On Friday, the foundation made its largest annual donation to date — $120,000 — to support the Parkinson's rehabilitation centre at Hotel Dieu Shaver in St. Catharines.
The foundation has raised $876,000 for the centre, named after the former NHL player, coach and commentator, since it opened in 2013.
Ludzik, one of the most celebrated junior hockey players in Niagara Falls history, lighting it up for three seasons with the Niagara Falls Flyers, has Parkinson's and for years has been raising awareness and money to find a cure for the disease.
He also has Stage 4 liver disease requiring a living donor with blood type 0 to save his life.
Ludzik said starting the Steve Ludzik Foundation is "probably the greatest accomplishment I've ever achieved."
He credited the people that work with him to help raise the money through events such as a golf-ball drop, golf tournament and celebrity roast.
Ludzik said the money raised allows Niagara residents living with Parkinson's disease to access treatment for free.

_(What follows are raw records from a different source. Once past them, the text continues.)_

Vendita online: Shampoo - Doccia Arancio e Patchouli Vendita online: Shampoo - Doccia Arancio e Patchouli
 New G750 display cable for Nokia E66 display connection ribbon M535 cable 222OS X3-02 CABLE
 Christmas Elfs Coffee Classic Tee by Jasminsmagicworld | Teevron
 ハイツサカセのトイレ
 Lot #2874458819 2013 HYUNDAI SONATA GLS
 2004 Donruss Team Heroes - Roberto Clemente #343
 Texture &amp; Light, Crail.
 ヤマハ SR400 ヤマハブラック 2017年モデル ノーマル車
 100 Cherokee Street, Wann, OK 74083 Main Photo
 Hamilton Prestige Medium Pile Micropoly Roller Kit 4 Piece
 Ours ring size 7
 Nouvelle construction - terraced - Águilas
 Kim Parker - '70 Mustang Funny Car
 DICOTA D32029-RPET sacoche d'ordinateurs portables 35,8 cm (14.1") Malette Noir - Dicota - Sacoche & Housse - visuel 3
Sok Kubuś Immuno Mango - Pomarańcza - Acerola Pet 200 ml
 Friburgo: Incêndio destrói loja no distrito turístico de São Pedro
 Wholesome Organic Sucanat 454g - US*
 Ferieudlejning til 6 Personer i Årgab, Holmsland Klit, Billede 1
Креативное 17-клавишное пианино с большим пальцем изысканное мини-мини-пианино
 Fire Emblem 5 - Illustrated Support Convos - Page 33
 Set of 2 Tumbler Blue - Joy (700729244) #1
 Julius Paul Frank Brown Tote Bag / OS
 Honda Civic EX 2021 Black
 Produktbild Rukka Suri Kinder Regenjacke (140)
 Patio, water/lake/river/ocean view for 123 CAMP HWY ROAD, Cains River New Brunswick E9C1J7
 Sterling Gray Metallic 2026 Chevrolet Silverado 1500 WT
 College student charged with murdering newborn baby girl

Assunta Berardocco, a physiotherapist at the Steve Ludzik Centre for Parkinson's Rehab, said the program is "completely funded" through the foundation.
"Every dollar he raises goes right into the clinic," she said.
"With that, we've probably, to date, treated nearly 500 people in the Niagara region who are diagnosed with Parkinson's disease, which is quite significant. We offer the program twice a week for six weeks."
Berardocco said the centre is "really unique" in how it treats those living with Parkinson's.
"I really don't know of any other clinic similar in all of Canada in that, a lot of times in other communities, they're often referred for, say, physiotherapy, but what's different about the Hotel Dieu Shaver is we do provide a multi-disciplinary approach," she said.
"When (patients) are coming for the Steve Ludzik Parkinson's program, they get to see a speech therapist, an occupational therapist, a social worker, a nurse, a physiotherapist and a dietitian."
Tracy Geoffroy, executive director of the Hotel Dieu Shaver Foundation, said because the Steve Ludzik Foundation has been donating "more and more" money every year, the wait time for patients to enter the Parkinson's rehab program has been reduced "significantly."
"Steve, the family and the foundation have really become part of the Hotel Dieu Shaver family," she said, adding Ludzik's efforts have brought a lot of positive attention to the work being done at Hotel Dieu Shaver.
"They've been extremely engaged with us. We support their events that the foundation does. They're very supportive of what we're doing here. I know that Steve has a great relationship with the people here that run the centre. I know that he comes to the graduation for the patients when they graduate from the program. He's been able to come and meet some of the patients one-on-one."